Iran’s capital relocation plan rejected

A meeting attended by Iranian officials and experts has found a plan on relocation of the capital to the detriment of the country.

The Ministry of Roads and Urban Development (MRUD) has announced that a plan to move the capital from Tehran has been rejected.

After releasing a 239-page report, the ministry said that a meeting chaired by the first vice-president has unanimously dismissed the transfer of the country’s political capital, citing the results of a research conducted by the ministry.

In a report on August 18, Fararu.com quoted news.mrud.ir as saying that for years the question of moving the capital was a talking point for media, officials and members of the general public. The following is the translation of the report:

One year after the end of the Sacred Defense [the Iraqi-imposed war] (1988), a number of Tehran residents began to complain about the lack of urban services in the city and the inattention of the capital’s managers to its development. Eventually, those complaints turned an urban question – which needed the attention of mid-level management – into an issue of macro-managerial proportion. As a result, the then government held multiple sessions bringing together officials and experts at the Council on Supervision of Tehran’s Development and raised the question of moving the capital.

Since then, the question of the transfer of the capital has been repeatedly put forward. A number of MPs of the ninth parliament introduced a motion on the relocation of the capital in the Councils and Internal Affairs Committee and when the committee adopted the motion, they put it forth on parliament floor [for debate].

For some reasons, the proponents of the motion outnumbered its opponents on the floor.
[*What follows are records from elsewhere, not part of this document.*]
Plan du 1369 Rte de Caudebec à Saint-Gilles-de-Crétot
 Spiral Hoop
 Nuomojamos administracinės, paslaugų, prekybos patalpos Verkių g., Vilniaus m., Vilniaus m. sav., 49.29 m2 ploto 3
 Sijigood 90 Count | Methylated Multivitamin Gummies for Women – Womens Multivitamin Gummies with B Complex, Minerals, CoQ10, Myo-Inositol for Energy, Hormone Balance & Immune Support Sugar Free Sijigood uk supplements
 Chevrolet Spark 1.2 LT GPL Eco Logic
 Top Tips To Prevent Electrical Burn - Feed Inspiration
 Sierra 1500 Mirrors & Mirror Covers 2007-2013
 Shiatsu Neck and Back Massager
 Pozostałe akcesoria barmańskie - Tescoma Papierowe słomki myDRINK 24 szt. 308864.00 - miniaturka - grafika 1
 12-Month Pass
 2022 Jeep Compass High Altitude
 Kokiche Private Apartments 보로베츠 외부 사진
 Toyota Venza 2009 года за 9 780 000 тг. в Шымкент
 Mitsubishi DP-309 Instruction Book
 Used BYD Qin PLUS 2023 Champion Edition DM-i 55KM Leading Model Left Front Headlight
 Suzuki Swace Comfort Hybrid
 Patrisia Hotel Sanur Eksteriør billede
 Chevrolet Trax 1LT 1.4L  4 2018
Although the Islamic Consultative Assembly’s Research Center had – years ago – built on compelling evidence to prove that such relocation is not to the benefit of the country, the supporters of the new capital insisted on their own motion.

Afterward, the Iranian parliament approved new legislation on the formation of a committee comprising representatives from different cultural, political, military, economic, developmental, social and security bodies which gavethe government a few months to carry out feasibility studies into the movement of the capital.

The 239-page report – which was reviewed in the meeting also attended by a host of MPs, Cabinet ministers, Tehran’s governor general, the head of Tehran’s City Council as well as senior experts from the University of Tehran – was handed over to the top Iranian officials.